One sticking point in Samper's relations with the United States is the absence of a body within Colombia to judge the president that carries credibility with Washington.
Constitutionally, that job falls to Colombia's Congress, but its Committee of Accusations, which received four charges against the president last month, had decided once before not to send a related accusation to the full house.
Some congressional leaders have been discussing a "punto final," named for the law that granted amnesty to Argentina's military, that would provide amnesty to lawmakers for drug-related corruption in exchange for a lifetime pledge to withdraw from public office.
The proposal originated with Samper's supporters to allow lawmakers to examine - and perhaps eventually clear - the president while avoiding prosecution themselves. Scores of members of Congress are also suspected of taking money from drug dealers. Samper suggested a broader version of the amnesty - one that, implicitly, might embrace himself.
"We don't need a law so much as a policy of punto final, a policy that will allow us to liberate ourselves from this entire problem," Samper said. "Not only in politics, but in other activities - in social activities, in economic activities."

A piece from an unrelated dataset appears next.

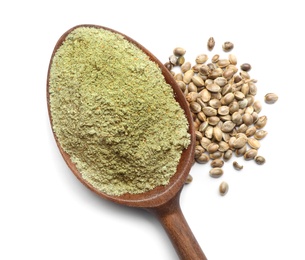 Photo of Spoon of hemp protein powder and seeds isolated on white, top view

Though in the past, Samper has said he would consider national elections should his "conditions of governability" prove untenable, he gave no sign that he is currently considering that course.
Asked if he was damaging his country by remaining in office, whether guilty or innocent, Samper cited an unpublished poll, which his office did not have on hand, indicating that his support had risen to 56 percent, "perhaps thanks to decertification."